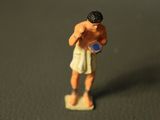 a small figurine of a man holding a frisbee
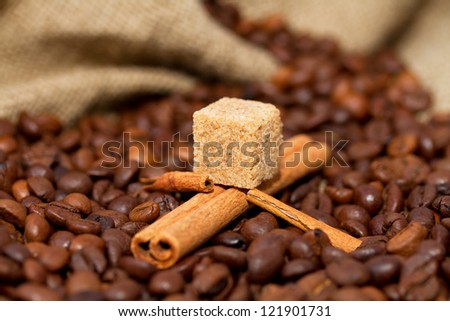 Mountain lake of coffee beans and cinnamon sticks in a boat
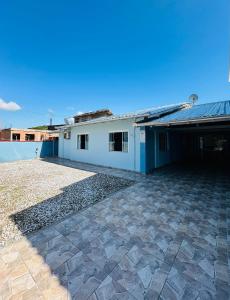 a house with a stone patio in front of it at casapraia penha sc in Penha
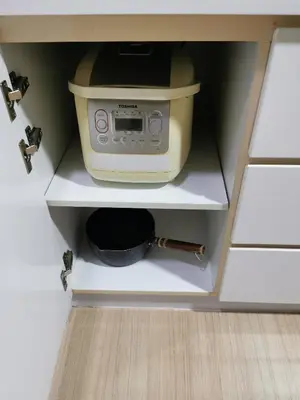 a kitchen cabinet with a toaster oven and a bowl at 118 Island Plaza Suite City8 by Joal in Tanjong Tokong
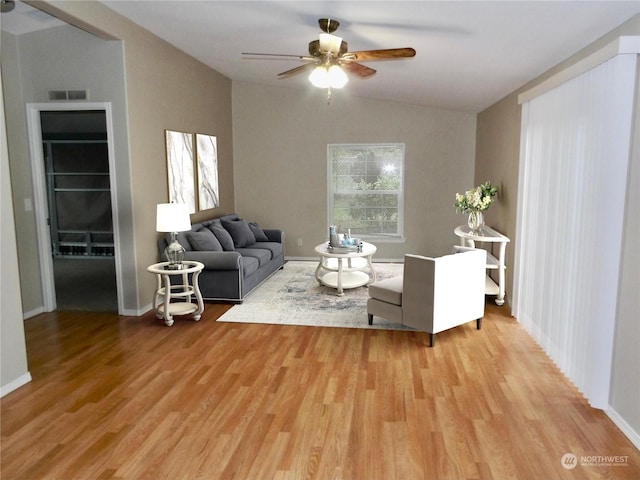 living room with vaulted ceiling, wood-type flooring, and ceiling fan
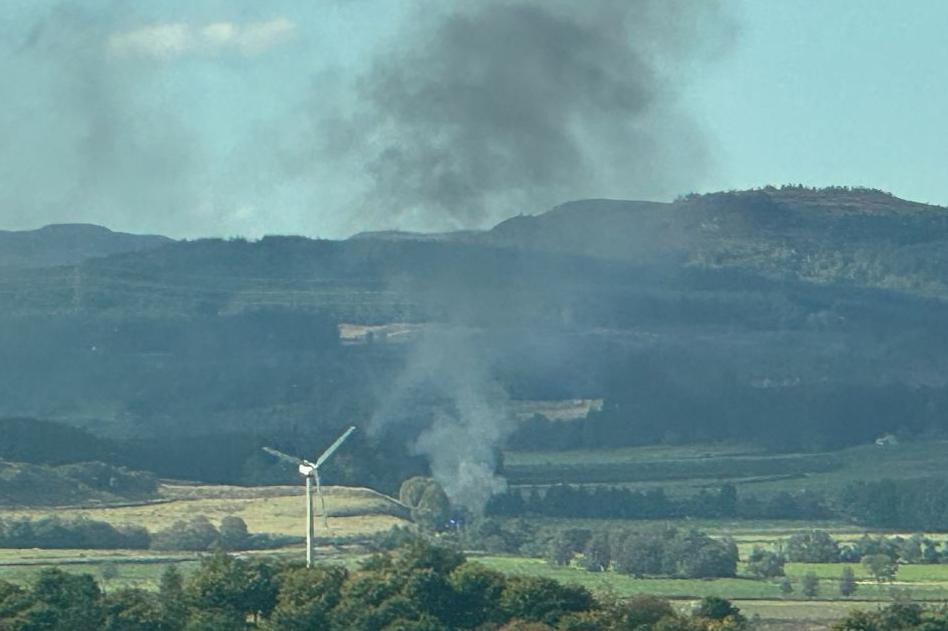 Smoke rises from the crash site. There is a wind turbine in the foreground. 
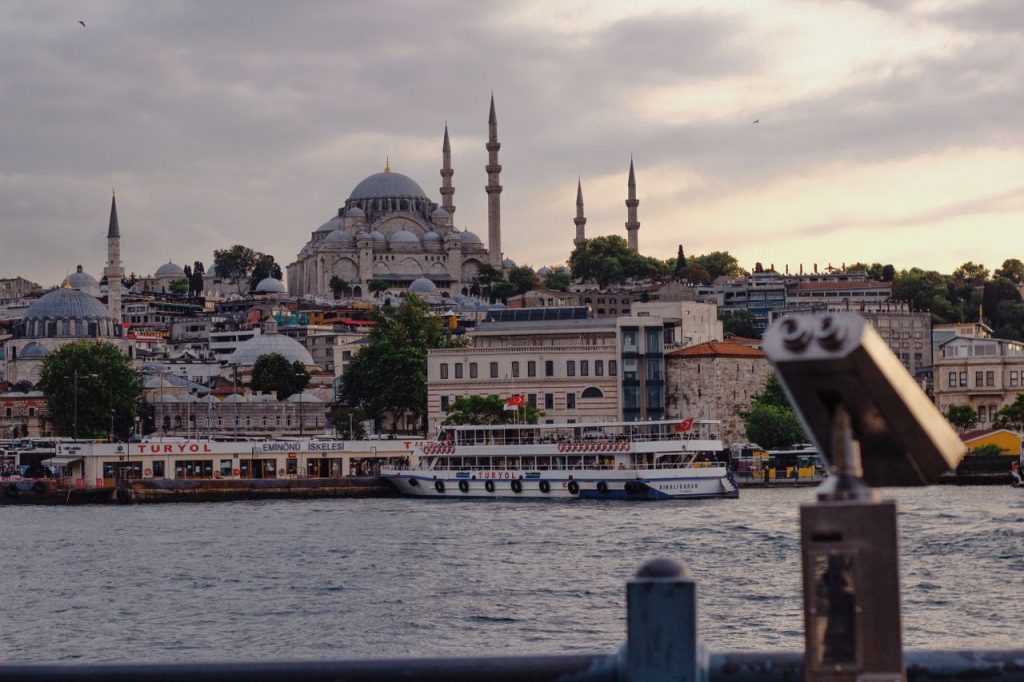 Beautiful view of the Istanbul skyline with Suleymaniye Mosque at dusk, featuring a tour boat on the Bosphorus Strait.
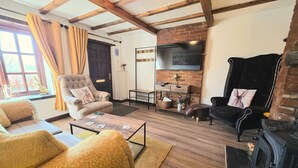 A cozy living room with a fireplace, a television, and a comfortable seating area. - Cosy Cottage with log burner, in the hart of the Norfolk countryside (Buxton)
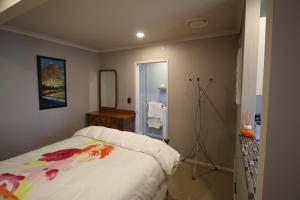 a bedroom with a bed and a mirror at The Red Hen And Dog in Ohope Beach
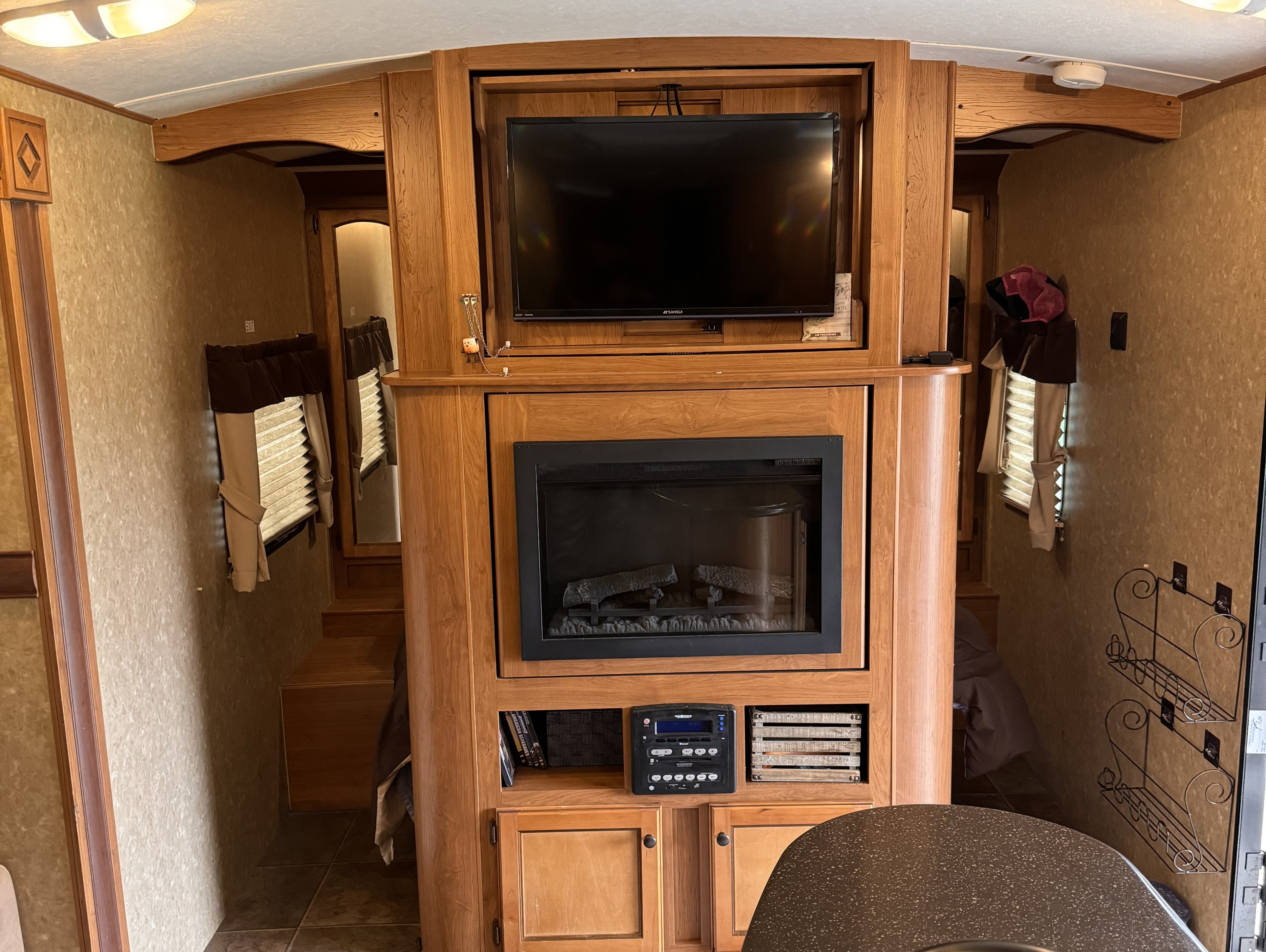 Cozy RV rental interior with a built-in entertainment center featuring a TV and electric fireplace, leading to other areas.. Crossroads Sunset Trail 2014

▶ _WORK TASK_: Only the lines from where the data begins to the line with "a kitchen cabinet", both of them included, should be reproduced word for word; no pictures.

▶ _OUTPUT OF THE EXERCISE_:
 a small figurine of a man holding a frisbee
 Mountain lake of coffee beans and cinnamon sticks in a boat
 a house with a stone patio in front of it at casapraia penha sc in Penha
 a kitchen cabinet with a toaster oven and a bowl at 118 Island Plaza Suite City8 by Joal in Tanjong Tokong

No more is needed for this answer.